Les jours suivants, Angélique s'efforça de prendre patience. Il fallait attendre l'entrée triomphale du roi à Paris. On en parlait pour la fin de juillet ; mais les préparatifs de la fête nécessitaient de jour en jour un recul de date. La foule des provinciaux venus à Paris pour ce grand événement commençait à trépigner. Angélique s'occupa de vendre son carrosse, ses chevaux et quelques bijoux. Elle partageait l'existence modeste de ce quartier bourgeois. Elle mettait la main à la cuisine, jouant avec Florimond qui, très actif, trottait à travers la maison en s'empêtrant dans sa longue robe. Ses petits cousins l'adoraient. Gâté par eux, par Barbe, par la petite servante béarnaise, il semblait heureux et avait repris de bonnes joues. Angélique lui broda un petit béguin rouge, sous lequel son ravissant minois encadré de boucles noires fit l'extase de toute la famille.
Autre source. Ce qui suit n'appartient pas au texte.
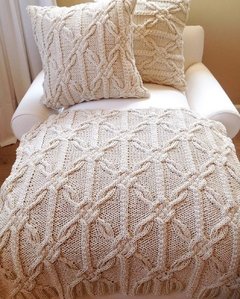 Conjunto Mediterráneo ( Manta + 2 ,Almohadones)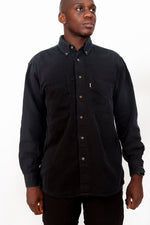 Vintage 90s Levi's Black Denim Shirt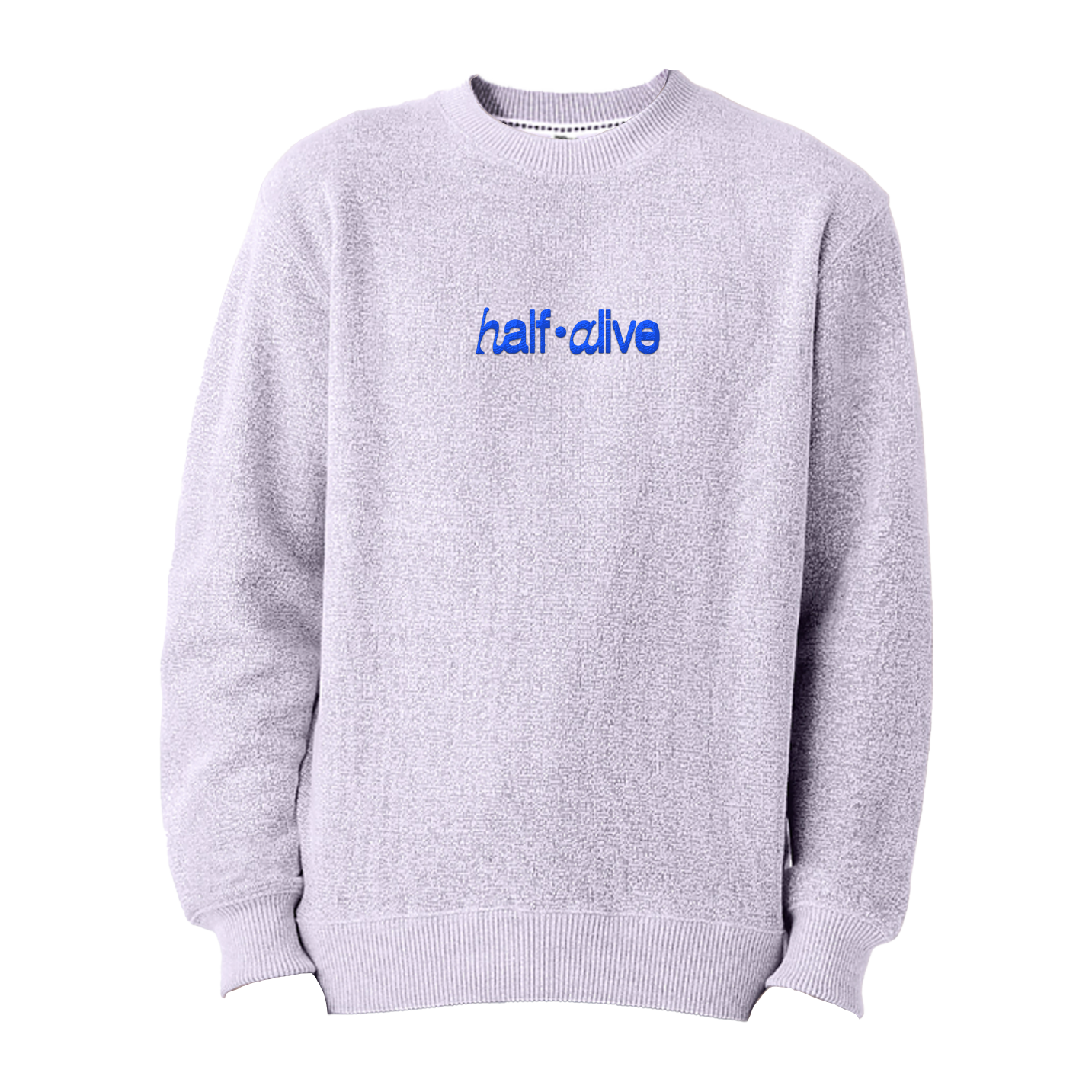 Fuzzy crewneck sweatshirt online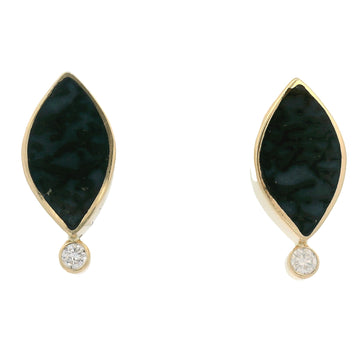 Geo Marquise Stud Earrings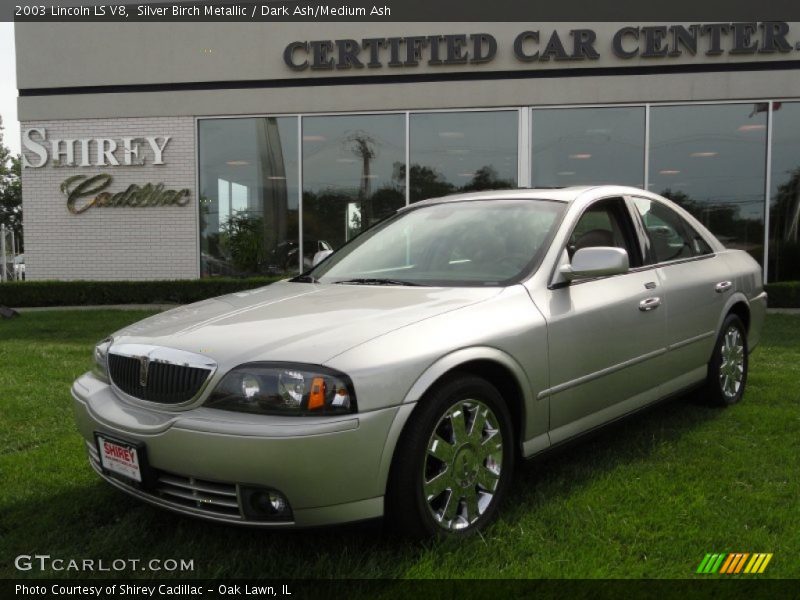 Silver Birch Metallic / Dark Ash/Medium Ash 2003 Lincoln LS V8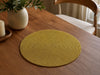 Elegant Gold Beaded Round Placemat Set Of 2 / Lixra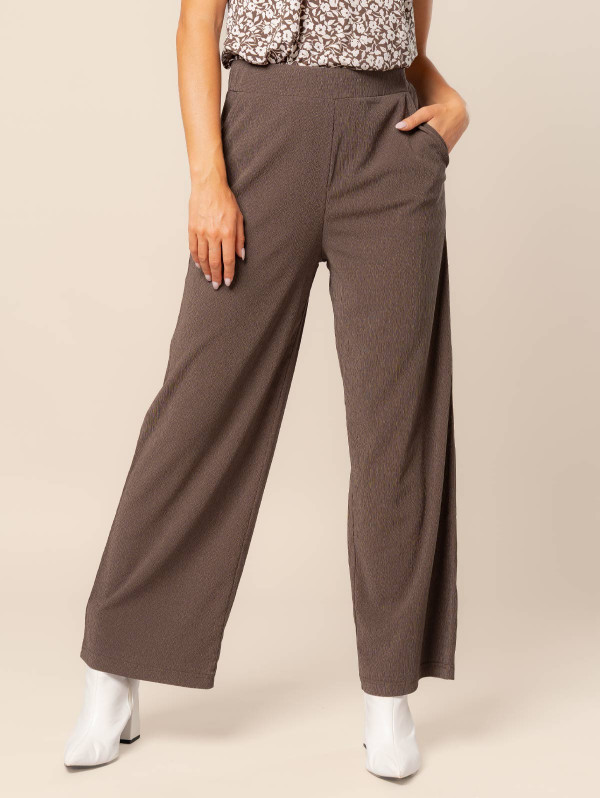 Pantalon femme maille crépon | MaBoutiquePlus
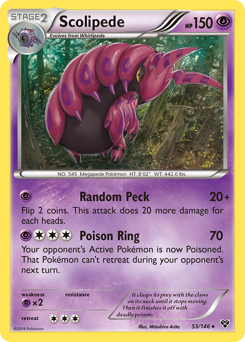 Pokemon XY Scolipede - 53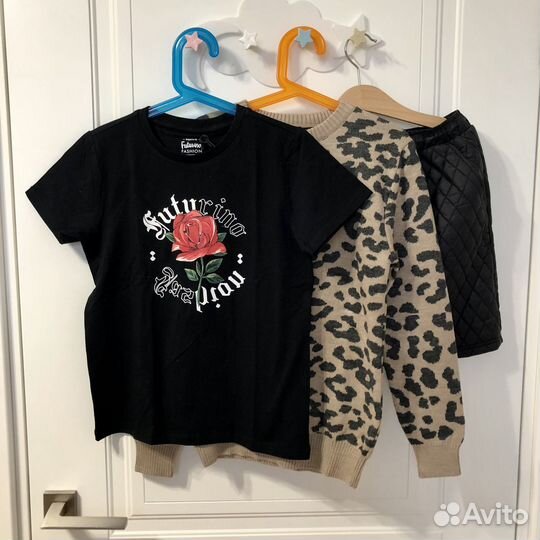 Пакет новой одежды для девочки 140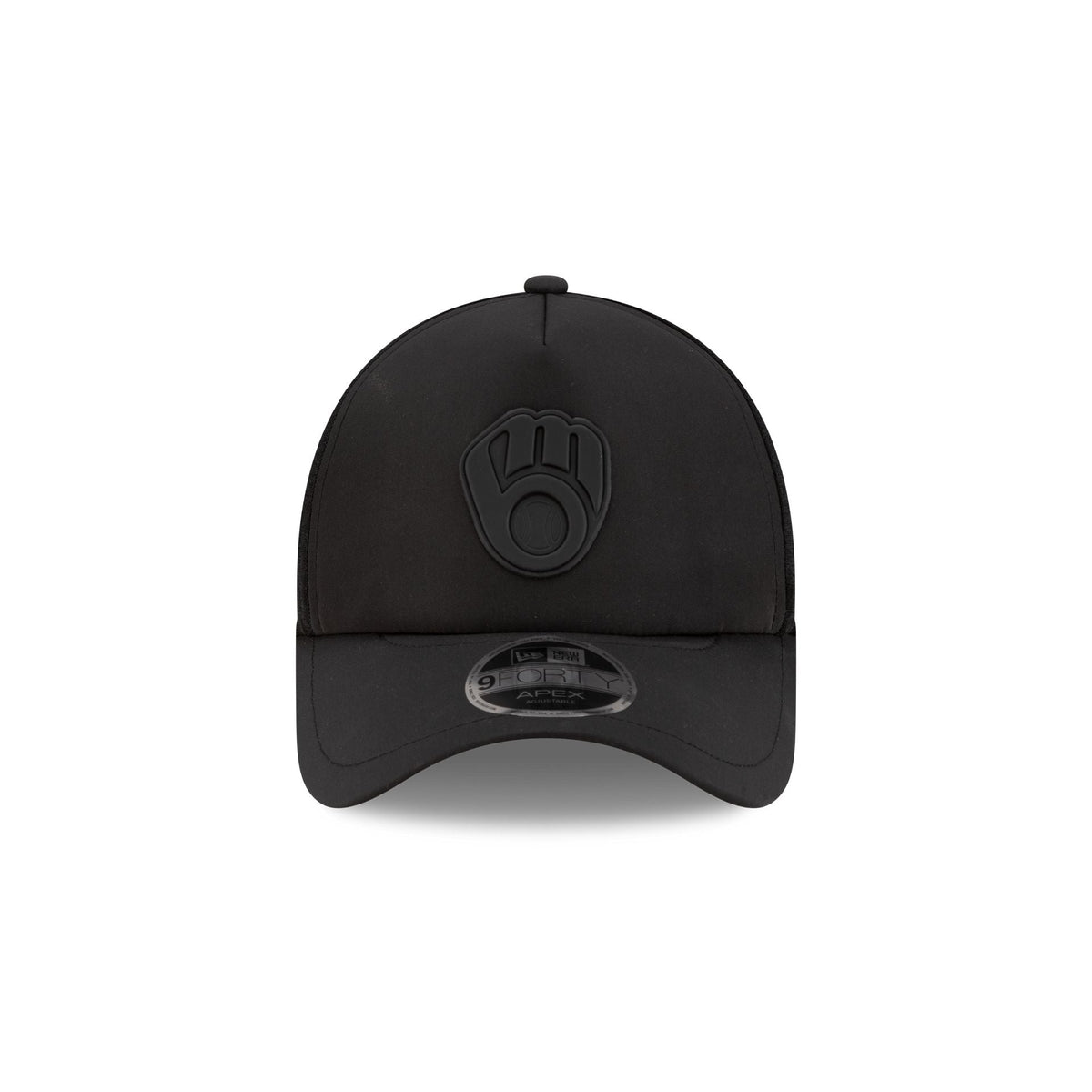 Milwaukee Brewers 2026 Batting Practice Black 9FORTY APEX Trucker Hat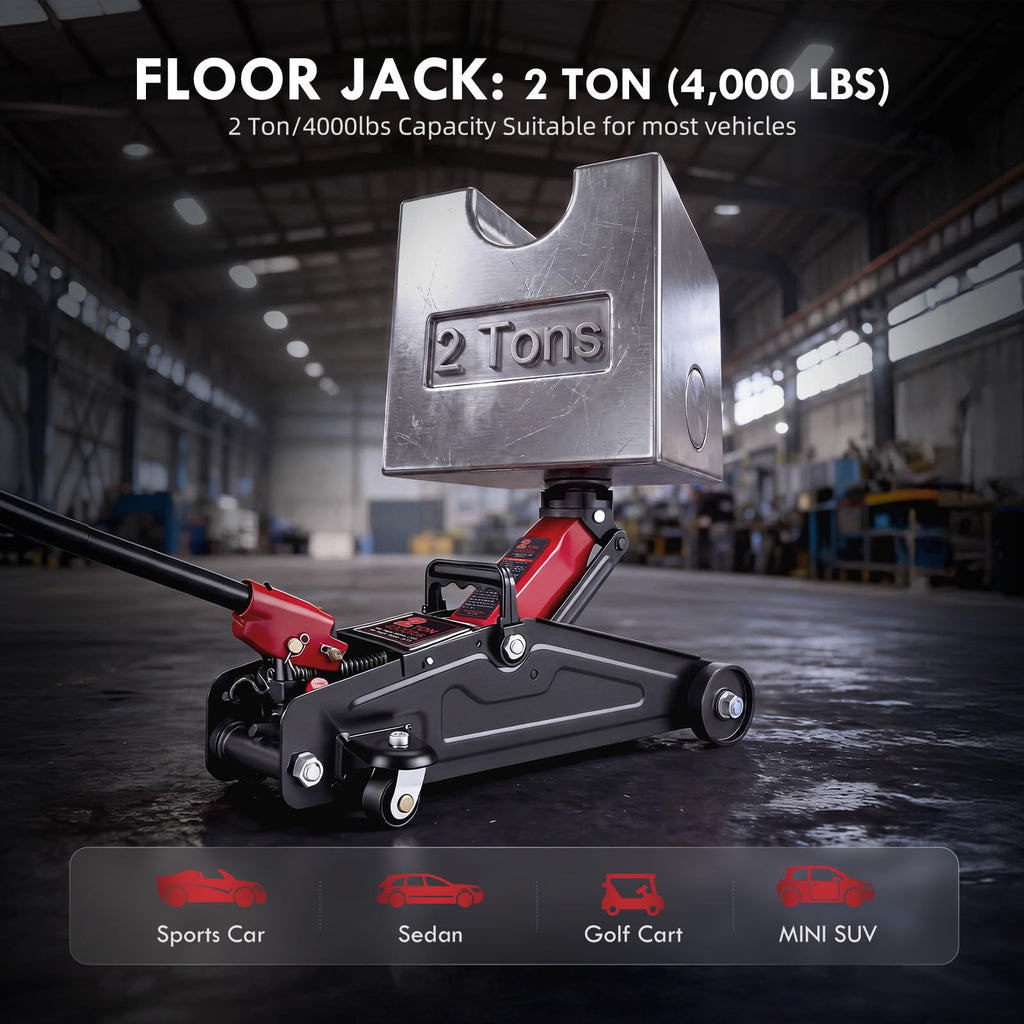2 Ton Low Profile Hydraulic Floor Jack X9543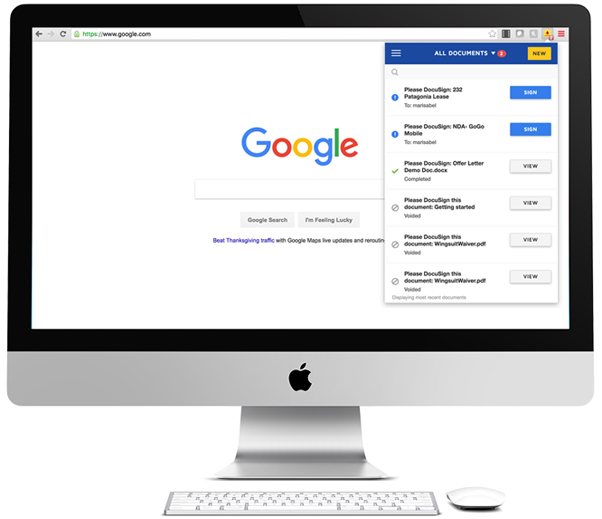 DocuSign for Chrome Extension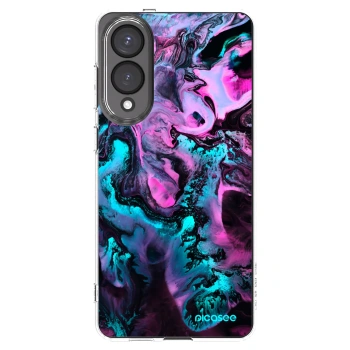 Picasee silikonowe przeźroczyste etui na Samsung Galaxy S25 Edge 5G - Lean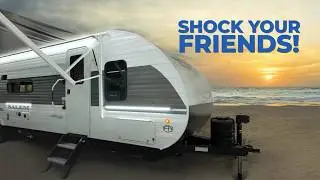 Маленький прицеп с ОГРОМНОЙ палубой! Forest River Salem Cruise Lite 22Veranda 2025 года | Обзор автодома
Même Hortense se dérida, et remarqua qu'un enfant de cet âge avait certainement beaucoup de charme ! Elle, hélas ! n'avait jamais eu les moyens de se payer une nourrice à domicile, de sorte qu'elle ne connaissait ses enfants que lorsqu'ils atteignaient leurs quatre ans ! Enfin tout le monde ne pouvait pas épouser un seigneur bancal et défiguré, enrichi par le commerce de Satan, et mieux valait être la femme d'un procureur que de perdre son âme.

Angélique faisait la sourde oreille. Afin de prouver sa bonne volonté, elle allait tous les matins à la messe en la peu distrayante compagnie de son beau-frère et de sa sœur. Elle commençait à connaître l'aspect particulier de la Cité, envahie de plus en plus par les gens de robe.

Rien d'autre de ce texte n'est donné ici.